At first glance, one may think that old traditions are fading away in rural communities, but not in Branch. Three young siblings from the community are learning and keeping alive skills from the past.
Nicholas, Angela and Victoria Nash are all 15 and each has already mastered a love for the traditional skills of playing accordion, knitting, rug hooking and embroidery.
Nicholas, who is fifteen years old and in Grade 9 has been playing the accordion since he was six and has always shown an interest in traditional music.
"He always had an interest for it," said his mom, Evelyn. "I got him his first beginners accordion when he was in Grade 1 and he just kept it up from there."

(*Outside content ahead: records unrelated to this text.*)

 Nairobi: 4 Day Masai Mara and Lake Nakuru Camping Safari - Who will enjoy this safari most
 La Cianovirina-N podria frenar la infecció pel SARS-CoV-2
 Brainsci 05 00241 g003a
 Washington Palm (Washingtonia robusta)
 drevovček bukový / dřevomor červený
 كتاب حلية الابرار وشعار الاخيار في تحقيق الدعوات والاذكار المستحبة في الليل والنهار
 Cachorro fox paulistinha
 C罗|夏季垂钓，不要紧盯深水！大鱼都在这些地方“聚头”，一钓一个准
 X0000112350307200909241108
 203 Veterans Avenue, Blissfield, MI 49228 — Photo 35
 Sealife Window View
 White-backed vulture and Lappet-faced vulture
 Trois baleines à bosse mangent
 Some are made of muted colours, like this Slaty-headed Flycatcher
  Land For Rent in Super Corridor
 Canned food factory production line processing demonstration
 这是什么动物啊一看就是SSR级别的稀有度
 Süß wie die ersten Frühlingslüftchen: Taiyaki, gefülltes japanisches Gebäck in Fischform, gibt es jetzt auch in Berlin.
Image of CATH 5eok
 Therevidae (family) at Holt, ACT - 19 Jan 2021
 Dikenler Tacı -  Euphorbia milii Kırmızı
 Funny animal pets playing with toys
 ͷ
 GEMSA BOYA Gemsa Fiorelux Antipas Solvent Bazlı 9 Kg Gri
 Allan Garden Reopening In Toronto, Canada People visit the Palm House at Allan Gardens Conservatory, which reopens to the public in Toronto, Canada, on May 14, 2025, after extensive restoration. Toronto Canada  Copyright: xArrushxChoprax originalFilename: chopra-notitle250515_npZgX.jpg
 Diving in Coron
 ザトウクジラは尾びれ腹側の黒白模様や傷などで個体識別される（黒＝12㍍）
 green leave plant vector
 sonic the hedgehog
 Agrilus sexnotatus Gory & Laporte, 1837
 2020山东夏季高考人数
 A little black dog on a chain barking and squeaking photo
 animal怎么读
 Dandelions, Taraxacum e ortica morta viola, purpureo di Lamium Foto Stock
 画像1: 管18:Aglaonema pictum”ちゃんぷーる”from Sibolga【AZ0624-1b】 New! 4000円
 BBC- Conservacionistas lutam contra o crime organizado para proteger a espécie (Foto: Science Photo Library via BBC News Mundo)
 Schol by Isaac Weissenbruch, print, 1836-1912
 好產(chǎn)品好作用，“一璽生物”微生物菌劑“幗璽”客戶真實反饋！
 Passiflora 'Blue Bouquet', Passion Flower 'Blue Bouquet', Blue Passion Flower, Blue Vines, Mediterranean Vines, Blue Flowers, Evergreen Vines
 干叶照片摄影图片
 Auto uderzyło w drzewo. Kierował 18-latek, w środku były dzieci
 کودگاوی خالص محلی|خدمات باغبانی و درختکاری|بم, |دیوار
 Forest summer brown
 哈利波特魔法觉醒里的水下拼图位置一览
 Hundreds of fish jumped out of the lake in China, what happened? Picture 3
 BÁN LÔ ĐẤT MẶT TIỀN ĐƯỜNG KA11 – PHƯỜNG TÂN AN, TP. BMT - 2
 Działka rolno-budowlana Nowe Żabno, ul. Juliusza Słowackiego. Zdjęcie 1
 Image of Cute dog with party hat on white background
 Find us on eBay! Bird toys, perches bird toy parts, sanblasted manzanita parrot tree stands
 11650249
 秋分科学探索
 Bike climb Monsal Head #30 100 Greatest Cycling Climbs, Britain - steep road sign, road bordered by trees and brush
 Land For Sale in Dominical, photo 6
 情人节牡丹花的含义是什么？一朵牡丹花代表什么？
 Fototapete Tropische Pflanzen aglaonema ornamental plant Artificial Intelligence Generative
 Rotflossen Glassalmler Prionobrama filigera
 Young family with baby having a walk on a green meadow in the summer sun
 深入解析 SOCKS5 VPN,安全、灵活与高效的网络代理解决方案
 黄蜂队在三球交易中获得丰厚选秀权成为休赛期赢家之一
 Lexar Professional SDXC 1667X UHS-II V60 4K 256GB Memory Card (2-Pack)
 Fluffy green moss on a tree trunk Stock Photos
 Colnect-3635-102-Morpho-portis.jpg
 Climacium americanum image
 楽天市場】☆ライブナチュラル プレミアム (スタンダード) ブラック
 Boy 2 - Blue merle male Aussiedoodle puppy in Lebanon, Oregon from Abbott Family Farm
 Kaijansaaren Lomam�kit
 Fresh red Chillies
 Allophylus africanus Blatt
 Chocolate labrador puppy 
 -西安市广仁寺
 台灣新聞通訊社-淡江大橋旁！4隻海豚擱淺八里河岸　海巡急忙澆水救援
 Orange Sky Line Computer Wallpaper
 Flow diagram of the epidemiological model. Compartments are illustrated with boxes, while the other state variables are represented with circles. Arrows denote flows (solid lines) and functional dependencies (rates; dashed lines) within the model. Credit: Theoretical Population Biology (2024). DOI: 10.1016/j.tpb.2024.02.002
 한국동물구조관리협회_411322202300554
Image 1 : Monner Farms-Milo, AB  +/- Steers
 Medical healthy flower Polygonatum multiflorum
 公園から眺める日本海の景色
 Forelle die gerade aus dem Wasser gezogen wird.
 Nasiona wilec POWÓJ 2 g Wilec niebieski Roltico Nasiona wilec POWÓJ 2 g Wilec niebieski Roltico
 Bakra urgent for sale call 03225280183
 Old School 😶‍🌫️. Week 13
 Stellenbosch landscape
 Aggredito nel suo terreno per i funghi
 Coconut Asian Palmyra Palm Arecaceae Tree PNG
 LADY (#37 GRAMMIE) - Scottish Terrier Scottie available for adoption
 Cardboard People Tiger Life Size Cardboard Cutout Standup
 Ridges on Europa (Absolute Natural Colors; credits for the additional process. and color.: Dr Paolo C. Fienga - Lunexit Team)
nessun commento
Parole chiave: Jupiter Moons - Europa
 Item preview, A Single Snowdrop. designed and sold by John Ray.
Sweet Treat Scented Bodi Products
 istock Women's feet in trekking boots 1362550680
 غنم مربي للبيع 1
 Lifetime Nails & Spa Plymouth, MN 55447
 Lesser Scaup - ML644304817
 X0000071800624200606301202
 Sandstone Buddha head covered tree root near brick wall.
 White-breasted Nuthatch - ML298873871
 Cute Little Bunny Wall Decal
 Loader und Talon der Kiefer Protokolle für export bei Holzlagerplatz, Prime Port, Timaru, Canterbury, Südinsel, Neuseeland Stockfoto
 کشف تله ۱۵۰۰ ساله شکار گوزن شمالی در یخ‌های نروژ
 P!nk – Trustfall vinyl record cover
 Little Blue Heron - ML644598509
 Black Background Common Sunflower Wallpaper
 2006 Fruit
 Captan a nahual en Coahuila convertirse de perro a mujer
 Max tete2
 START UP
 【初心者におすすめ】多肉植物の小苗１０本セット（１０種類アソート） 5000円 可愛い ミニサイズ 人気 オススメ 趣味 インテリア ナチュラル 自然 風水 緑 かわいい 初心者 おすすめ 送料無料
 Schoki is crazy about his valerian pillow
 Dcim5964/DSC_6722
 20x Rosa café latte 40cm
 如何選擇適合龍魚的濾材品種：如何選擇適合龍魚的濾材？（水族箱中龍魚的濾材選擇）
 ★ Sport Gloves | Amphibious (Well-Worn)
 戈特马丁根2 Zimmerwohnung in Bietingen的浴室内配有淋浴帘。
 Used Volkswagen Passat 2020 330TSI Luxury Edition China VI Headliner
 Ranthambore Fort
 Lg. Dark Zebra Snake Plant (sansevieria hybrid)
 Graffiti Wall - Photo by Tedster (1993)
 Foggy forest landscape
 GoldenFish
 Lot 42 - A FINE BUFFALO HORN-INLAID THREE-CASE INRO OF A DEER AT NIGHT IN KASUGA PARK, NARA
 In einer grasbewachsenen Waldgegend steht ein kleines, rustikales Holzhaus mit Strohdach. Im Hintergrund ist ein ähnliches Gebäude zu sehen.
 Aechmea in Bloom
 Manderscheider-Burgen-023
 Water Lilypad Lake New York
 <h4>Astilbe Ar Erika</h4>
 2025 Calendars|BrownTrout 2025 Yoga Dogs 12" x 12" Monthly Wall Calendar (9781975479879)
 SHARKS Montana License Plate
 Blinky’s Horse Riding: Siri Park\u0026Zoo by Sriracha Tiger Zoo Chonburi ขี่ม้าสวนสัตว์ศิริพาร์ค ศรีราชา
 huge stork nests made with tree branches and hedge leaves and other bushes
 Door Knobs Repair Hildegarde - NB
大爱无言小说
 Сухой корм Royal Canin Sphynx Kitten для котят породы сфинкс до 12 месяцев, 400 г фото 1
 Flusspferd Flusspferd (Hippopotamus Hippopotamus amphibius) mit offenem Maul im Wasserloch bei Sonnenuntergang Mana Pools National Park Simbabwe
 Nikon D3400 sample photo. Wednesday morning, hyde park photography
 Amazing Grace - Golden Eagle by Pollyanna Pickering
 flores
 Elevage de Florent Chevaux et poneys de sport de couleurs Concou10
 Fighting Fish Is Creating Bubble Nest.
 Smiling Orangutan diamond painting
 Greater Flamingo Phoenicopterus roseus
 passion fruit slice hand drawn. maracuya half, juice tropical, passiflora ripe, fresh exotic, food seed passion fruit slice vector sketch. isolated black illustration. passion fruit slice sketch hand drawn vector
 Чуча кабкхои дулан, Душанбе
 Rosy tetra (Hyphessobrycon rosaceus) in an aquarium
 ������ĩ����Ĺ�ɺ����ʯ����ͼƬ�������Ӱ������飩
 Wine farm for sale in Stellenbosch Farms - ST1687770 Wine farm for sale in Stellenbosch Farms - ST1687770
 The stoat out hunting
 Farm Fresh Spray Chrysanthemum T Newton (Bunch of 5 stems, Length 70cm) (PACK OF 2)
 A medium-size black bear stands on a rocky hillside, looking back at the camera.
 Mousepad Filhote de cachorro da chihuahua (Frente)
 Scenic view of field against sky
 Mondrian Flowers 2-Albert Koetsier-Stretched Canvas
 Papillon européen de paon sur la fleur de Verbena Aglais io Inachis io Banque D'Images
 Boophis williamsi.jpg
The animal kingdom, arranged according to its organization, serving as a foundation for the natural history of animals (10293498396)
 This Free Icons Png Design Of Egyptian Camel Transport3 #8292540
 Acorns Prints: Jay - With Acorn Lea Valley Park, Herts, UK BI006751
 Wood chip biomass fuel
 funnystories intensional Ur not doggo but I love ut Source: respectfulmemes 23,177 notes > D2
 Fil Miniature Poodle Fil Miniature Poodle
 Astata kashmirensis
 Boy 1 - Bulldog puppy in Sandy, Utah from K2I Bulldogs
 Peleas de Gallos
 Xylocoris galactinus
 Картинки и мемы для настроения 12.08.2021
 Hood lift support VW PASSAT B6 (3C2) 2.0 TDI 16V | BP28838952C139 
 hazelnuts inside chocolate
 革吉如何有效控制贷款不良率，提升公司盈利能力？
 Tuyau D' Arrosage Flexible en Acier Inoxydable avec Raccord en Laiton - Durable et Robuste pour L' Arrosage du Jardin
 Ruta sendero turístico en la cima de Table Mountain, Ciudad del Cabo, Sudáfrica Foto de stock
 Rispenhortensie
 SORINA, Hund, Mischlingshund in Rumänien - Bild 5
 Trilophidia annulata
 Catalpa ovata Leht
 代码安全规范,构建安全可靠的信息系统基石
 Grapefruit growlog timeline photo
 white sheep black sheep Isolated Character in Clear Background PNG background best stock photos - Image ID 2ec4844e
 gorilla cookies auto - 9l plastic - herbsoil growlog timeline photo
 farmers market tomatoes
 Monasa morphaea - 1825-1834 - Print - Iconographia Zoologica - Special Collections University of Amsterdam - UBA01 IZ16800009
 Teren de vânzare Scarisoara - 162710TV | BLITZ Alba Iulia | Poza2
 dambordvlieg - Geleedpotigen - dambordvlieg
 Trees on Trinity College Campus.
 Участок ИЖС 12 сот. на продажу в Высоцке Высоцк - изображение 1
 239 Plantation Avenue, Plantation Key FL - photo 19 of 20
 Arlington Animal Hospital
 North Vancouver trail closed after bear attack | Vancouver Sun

Nicholas is sure to practice every morning before school and every night for an hour. He is proud to say that he no longer requires the music notes in front of him as he practices so much and nor does he require notes to new music he learns because he can pick it up on his very own.
"I really enjoy playing the accordion," Nicholas said. "I like to perform for others too, whether it be at school, a local concert or at a seniors home, I like to play. It makes others feel happy so it makes me happy."
"He's the next Eddie Coffey," smiled his younger sister Victoria, who has recently also been learning to play the accordion.
Both of Nicholas's younger sisters enjoy traditional hobbies as well. Victoria, who is ten years old and in Grade 4, and Angela, who is 12 and in Grade 7 share a love for knitting, rug hooking and embroidery.
"It is really fun," said Angela while counting stitches. "I think it's nice to get into traditional activities and learn from our elders. At first it was hard learning to knit but now I am working on making my own scarf and even some socks or dishcloths. Its fun!"
Victoria has taken a shine to rug hooking and embroidery.
"I'm not really sure why I like it so much but the embroidery has really pretty colors," she said. "I try to convince my friends who don't know how to do it to learn because its fun and it gives us a chance to get involved with the older people from the community too."
Angela and Victoria also learned how to perform the traditional dance, "The Lancers," last year with other youth from the community. They performed as a group at Bannerman Park last summer and were chosen to return this year to dance on the main stage.
Evelyn is pleased with her children's interest in the traditional ways and practices of the past.
"I love it! The knitting and stuff keeps the girls occupied and I find that they have been watching less television since they took up their new hobbies. I am also very proud of Nicholas's accordion playing. I just love listening to him play and I would be very disappointed if he gave it up now because he has come so far since he started playing. I just think it is great to see youth today carrying on traditions," said their mother while Nicholas practices his accordion and the girls go back to their knitting and embroidery.